The original proposal only mentions how to estimate the total number of nodes reachable within a given distance (in terms of Gnet hops), but it can easily be extended to estimate other resources which each node contributes to the network within a given distance. The current version of the protocol is set up to measure the number of reachable nodes, files and kibibytes. Note that Gnutella's original ping-pong scheme allowed some very inefficient and inaccurate sort of horizon size estimation, because pong messages contain the number of shared files and kibibytes of each node sending a pong.
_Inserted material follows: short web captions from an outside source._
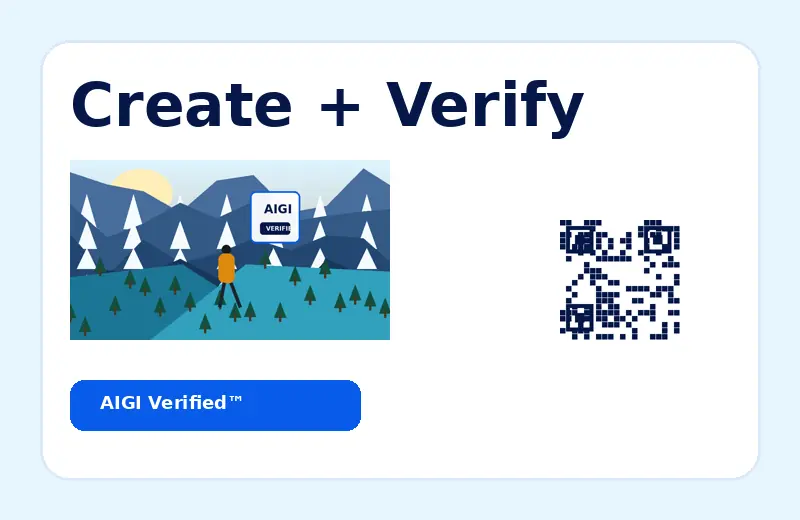 AI image generator creating AIGI Verified images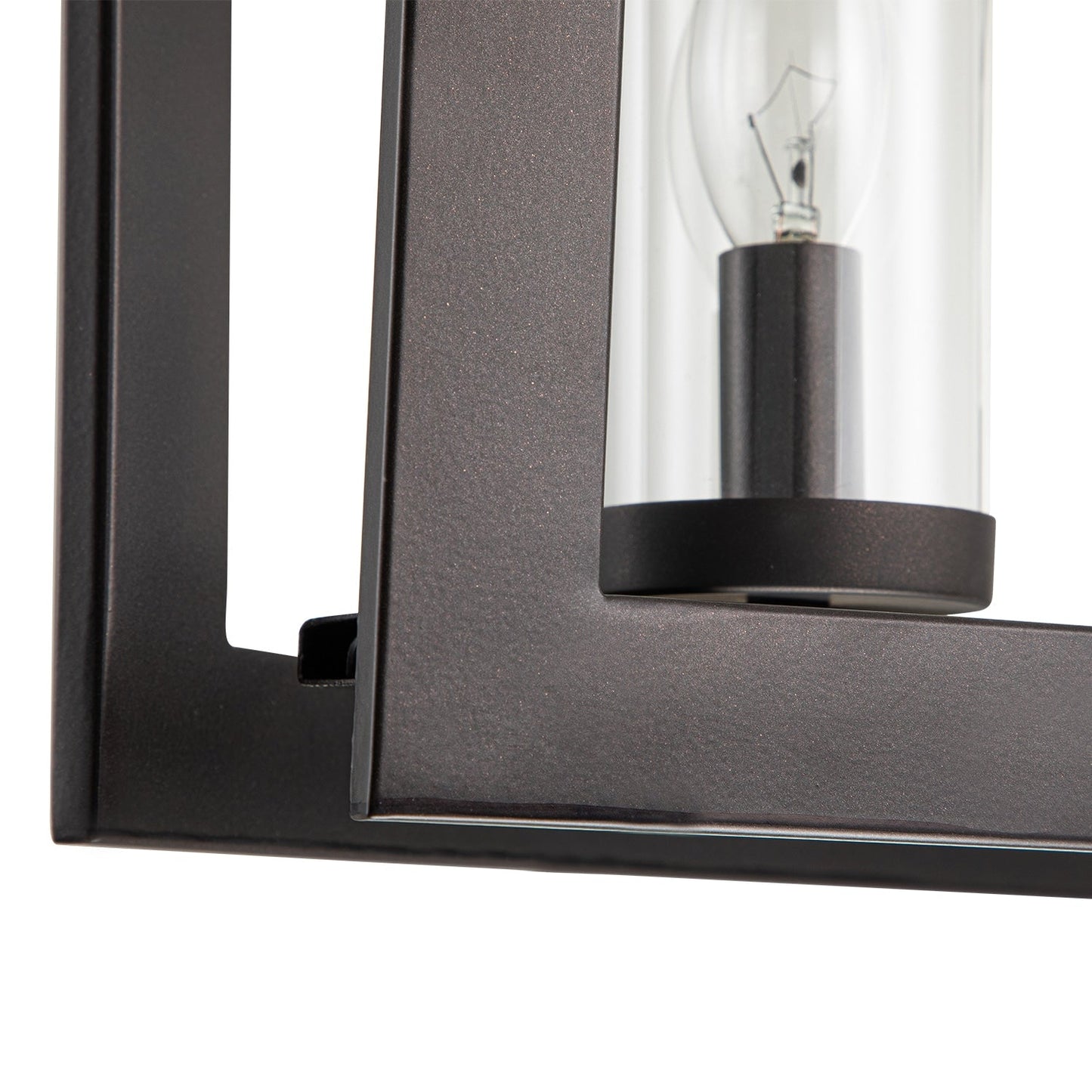 Suspension industrielle linéaire moderne à 5 lumières pour salle à manger, lustre cylindrique en verre transparent style farmhouse, éclairage pour îlot de cuisine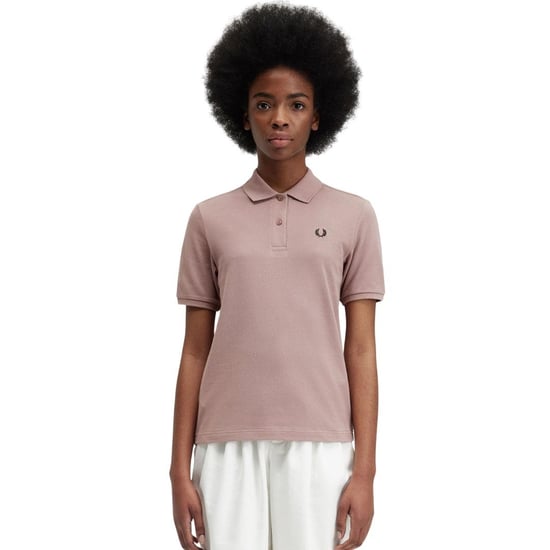 Fred Perry Dames/Dames Logo Poloshirt (Donkerroze) - Image 4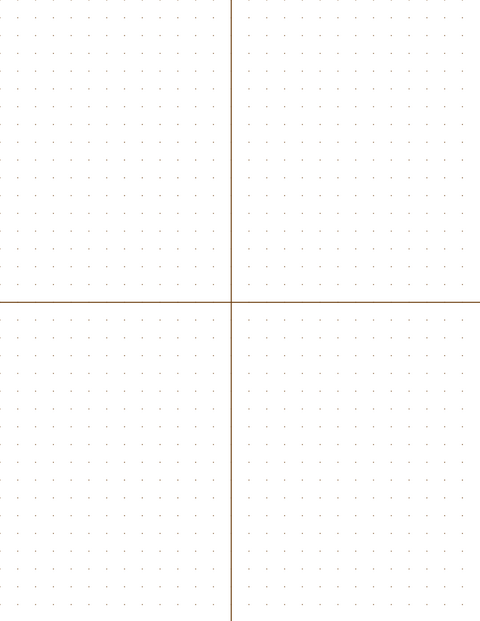 8mm Dot Graph Paper - Sepia (1pt dots) with 2x2 Quadrants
A node could send out a ping request and collect and sum up the returned data of seen pong replies. But due to optimization techniques like pong-caching and other efforts to limit the bandwidth requirements for such broadcast messages, pong-based horizon size estimation cannot be used reliably nowadays (in fact, pong-based horizon size estimation was never really reliable at all and was very inefficient).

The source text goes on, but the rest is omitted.